Task directions – From the data below, set down exactly the lines between the one holding "Good day everyone." and the one holding "Just to inform", inclusive, and no others.

(Data extracted from a collection)

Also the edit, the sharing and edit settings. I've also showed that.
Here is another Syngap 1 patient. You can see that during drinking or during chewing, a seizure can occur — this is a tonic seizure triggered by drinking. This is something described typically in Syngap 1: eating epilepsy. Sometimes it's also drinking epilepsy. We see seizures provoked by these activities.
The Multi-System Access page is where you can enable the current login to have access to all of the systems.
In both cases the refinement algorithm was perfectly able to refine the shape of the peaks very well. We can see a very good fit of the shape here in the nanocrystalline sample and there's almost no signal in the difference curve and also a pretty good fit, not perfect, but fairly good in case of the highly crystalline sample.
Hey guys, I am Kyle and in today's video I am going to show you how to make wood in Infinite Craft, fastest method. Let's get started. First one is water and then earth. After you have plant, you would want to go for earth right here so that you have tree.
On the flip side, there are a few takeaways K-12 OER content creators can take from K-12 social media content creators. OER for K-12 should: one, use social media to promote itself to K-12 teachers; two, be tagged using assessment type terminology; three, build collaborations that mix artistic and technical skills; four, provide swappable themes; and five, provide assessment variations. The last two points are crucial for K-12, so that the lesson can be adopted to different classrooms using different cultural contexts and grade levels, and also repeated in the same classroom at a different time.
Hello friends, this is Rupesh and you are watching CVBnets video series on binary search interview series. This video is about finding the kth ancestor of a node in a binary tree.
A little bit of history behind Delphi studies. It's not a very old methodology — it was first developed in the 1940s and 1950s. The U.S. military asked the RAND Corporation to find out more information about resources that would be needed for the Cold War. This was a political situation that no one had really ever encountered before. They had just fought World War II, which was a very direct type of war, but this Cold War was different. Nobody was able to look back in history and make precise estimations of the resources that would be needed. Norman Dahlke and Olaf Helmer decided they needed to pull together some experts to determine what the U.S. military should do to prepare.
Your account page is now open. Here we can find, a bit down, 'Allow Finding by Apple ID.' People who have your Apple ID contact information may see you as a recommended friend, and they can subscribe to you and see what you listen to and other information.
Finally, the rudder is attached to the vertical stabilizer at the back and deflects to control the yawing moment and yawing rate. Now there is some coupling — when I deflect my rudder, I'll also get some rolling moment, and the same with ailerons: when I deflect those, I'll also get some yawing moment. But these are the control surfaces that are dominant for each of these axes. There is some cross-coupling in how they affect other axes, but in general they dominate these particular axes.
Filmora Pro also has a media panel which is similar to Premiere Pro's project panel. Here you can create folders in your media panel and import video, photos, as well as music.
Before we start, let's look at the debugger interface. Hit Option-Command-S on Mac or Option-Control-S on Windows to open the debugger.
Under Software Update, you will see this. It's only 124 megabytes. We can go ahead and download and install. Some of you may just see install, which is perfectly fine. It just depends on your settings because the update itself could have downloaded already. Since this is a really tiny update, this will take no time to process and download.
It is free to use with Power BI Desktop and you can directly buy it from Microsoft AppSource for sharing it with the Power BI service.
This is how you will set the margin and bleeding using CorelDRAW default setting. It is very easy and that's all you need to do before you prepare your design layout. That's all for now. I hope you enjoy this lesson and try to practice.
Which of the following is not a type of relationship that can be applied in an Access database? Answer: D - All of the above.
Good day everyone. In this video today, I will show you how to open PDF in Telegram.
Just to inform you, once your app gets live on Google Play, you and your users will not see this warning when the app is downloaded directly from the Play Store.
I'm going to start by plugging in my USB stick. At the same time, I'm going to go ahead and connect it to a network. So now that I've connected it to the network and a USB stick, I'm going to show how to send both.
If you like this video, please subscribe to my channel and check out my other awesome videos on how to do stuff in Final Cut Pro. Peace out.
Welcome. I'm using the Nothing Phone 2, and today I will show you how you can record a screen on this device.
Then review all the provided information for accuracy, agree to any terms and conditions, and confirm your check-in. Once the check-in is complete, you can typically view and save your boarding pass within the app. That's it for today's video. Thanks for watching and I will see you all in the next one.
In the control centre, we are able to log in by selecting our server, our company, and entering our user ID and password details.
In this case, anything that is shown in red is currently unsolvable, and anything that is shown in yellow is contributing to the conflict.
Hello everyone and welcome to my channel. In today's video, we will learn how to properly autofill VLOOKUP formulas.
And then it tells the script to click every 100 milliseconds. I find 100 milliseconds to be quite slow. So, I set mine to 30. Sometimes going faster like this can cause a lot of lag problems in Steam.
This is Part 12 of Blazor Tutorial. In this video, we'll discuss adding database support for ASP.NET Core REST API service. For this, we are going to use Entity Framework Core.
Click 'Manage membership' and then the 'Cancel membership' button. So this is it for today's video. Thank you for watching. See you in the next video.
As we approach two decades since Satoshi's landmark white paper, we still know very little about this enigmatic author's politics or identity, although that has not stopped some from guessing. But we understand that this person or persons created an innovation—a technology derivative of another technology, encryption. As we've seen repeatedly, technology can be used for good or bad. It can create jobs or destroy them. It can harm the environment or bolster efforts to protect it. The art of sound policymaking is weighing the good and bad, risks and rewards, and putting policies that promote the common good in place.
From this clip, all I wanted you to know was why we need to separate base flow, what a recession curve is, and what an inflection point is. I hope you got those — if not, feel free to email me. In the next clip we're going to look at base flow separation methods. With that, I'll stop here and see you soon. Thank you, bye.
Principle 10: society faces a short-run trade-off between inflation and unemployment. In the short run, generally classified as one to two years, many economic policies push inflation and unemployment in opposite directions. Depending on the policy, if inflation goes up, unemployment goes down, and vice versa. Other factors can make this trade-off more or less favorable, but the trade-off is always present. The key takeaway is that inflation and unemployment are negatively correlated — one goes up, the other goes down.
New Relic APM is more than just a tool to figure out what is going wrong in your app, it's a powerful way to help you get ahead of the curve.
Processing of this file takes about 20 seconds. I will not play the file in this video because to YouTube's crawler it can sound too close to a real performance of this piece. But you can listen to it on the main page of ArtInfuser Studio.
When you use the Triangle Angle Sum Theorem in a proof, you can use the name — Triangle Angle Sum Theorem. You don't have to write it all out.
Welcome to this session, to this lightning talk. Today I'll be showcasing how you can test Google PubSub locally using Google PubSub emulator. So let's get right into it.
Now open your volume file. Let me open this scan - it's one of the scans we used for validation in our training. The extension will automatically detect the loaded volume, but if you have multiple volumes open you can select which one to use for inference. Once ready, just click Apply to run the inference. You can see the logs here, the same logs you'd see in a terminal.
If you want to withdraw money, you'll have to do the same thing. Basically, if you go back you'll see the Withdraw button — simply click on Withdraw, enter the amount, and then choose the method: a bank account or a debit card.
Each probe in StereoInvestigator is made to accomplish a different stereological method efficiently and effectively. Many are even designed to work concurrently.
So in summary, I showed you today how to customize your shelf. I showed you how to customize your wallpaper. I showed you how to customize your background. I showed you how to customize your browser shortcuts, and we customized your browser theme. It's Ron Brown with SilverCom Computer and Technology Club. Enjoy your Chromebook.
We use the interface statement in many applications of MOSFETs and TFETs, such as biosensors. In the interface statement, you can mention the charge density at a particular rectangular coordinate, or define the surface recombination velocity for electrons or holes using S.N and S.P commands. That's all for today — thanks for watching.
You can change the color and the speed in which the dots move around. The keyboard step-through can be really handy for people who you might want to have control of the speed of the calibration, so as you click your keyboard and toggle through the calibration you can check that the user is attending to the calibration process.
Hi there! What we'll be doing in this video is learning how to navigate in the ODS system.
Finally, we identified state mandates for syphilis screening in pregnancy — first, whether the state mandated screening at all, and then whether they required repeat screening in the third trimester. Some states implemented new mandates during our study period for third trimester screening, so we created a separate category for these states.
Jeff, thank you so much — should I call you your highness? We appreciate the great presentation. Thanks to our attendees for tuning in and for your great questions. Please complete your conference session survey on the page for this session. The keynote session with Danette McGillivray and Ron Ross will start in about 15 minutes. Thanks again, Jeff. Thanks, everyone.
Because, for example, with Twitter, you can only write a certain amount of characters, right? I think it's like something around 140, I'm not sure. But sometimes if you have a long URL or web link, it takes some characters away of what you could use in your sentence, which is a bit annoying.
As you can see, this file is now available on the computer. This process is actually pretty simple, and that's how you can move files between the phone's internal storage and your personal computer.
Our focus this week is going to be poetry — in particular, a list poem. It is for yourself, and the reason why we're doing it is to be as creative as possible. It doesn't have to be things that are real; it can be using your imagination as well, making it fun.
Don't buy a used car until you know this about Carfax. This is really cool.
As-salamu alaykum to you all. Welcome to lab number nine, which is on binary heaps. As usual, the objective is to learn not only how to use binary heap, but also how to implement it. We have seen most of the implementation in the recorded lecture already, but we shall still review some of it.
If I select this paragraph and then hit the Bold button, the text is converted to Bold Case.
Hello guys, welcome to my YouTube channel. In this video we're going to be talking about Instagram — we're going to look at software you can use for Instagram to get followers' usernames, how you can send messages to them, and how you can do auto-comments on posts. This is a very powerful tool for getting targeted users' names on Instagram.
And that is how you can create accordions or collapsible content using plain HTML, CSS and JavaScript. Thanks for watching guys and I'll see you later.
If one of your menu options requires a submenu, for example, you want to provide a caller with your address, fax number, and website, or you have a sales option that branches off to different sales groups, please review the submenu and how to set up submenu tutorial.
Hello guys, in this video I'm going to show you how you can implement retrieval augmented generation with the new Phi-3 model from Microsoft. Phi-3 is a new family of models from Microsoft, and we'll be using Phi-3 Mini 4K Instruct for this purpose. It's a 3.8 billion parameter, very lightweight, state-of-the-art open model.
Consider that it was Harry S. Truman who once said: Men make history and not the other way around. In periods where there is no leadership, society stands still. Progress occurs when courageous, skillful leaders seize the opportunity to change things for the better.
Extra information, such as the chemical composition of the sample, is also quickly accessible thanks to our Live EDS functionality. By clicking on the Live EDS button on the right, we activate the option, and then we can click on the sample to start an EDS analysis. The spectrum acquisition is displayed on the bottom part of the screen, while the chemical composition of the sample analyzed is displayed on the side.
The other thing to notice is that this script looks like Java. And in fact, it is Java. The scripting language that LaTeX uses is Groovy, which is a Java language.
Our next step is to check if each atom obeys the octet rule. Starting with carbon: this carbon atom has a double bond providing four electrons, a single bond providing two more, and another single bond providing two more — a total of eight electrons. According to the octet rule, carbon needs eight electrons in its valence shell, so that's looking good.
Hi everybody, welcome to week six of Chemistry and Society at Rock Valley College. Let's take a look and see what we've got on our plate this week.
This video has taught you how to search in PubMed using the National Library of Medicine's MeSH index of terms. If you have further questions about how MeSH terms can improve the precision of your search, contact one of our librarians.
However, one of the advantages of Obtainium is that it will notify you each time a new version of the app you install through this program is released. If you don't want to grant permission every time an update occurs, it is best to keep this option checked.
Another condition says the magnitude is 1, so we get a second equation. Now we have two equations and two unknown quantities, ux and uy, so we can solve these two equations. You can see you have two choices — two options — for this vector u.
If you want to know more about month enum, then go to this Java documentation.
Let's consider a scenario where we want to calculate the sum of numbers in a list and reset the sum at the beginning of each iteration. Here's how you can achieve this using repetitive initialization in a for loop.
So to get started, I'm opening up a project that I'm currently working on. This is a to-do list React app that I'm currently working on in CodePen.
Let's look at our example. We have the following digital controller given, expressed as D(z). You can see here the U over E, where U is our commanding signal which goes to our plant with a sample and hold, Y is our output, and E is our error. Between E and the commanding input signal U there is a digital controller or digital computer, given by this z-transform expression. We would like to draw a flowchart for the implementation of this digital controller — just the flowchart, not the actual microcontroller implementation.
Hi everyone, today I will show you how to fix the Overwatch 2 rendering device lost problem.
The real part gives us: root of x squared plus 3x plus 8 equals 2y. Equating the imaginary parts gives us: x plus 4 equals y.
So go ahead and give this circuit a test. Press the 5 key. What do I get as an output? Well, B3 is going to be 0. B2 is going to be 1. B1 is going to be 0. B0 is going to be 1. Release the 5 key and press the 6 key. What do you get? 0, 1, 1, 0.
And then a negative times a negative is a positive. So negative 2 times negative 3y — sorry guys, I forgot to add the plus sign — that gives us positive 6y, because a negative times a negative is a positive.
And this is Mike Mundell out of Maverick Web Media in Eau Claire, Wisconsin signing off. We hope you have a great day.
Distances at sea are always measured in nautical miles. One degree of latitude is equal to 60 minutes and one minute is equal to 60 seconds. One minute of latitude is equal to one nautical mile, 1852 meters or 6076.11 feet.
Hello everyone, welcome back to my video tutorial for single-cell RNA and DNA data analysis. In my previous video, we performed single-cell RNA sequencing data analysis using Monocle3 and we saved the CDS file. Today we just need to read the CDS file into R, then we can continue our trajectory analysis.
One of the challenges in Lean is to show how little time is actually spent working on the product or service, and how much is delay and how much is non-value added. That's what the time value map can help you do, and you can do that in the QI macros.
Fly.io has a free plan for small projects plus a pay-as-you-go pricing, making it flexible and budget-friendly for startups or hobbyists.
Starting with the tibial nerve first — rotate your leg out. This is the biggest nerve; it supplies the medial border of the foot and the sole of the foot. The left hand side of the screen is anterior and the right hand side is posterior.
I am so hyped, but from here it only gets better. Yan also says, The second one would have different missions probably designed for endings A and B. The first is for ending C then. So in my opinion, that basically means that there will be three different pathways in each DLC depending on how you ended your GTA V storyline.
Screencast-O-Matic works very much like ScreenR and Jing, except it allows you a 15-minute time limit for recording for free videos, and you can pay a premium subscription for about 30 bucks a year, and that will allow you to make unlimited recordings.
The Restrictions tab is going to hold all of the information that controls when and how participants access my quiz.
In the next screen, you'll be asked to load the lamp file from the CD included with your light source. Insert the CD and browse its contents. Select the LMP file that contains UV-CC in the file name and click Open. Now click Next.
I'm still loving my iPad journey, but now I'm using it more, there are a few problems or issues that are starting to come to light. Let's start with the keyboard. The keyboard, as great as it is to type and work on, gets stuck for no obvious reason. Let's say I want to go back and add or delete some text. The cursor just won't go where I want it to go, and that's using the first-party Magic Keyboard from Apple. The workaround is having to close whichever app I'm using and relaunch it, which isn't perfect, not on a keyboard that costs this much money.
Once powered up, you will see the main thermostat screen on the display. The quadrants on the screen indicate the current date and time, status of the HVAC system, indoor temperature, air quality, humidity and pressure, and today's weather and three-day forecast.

Answer area –
Good day everyone. In this video today, I will show you how to open PDF in Telegram.
Just to inform you, once your app gets live on Google Play, you and your users will not see this warning when the app is downloaded directly from the Play Store.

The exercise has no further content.